It's really clear that businesses are hoping to replace people with AI. In an industry that is already very difficult to make a stable living in, and troubled with regular plagiarism, is it really that surprising that any encroachment of AI into that space would be met with backlash?
Even if you can see how individual circumstances could be beneficial to your workflow, it's a general direction I think many take issue with quite fairly.
Regardless of the purported upside, many people in the arts feel betrayed by the commercial interests that built this technology on their work without their consent and threatened by the explicit intent of these vendors to devalue their work by saturating the art and design market with cheap automated substitution.
A lot of artists who would love to be able to direct their professional software in natural language have to reconcile that with how this technology came to be and what the aims are of the company now delivering it to them.
The funny thing is that Allegorithmic (now part of Adobe) was far more devastating to certain classes of game artist than stuff like this will be in its current form.
It almost totally automated vast swaths of texture generation by creating algorithmic systems that technical artists could use to create textures.
Want a brick texture? Sure, you connect some nodes and set parameters and you have great looking bricks. Want the mortar to be a little more widely spaced? Done. Want some moss on the brick? Want some chipping on the brick? Want some color variation? Done, done, done.
It probably reduced the amount of time to iterate textures by more than 100x.

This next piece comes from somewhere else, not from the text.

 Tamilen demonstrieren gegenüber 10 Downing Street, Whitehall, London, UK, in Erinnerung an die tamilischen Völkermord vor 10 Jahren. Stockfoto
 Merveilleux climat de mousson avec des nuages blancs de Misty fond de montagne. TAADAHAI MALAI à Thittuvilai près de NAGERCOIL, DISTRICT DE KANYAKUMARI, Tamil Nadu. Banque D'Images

Now, talented technical artists make OK money because they are good at using these tools. Photoshop jockies are gone.
LLM manipulation of Blender will be interesting but it's very, very challenging to see the path of something like Claude having nearly as big of an impact. It'll be helpful to automate some common tasks, to build internal tooling. But Allegorithmic single handedly changed the way 3D games look, because you could be so much more ambitious.
You didn't really hear about it, though, because it wasn't part of the cultural zeitgeist.
There is no acceptable use of AI for most people in the artistic field. They see it as an extreme treason, and I understand. They're under incredible incredible threat.
They are conscious of preventing momentum in a bad direction.
If they don't fight it hyper hard, a huge fraction of them will be out of a job instantly.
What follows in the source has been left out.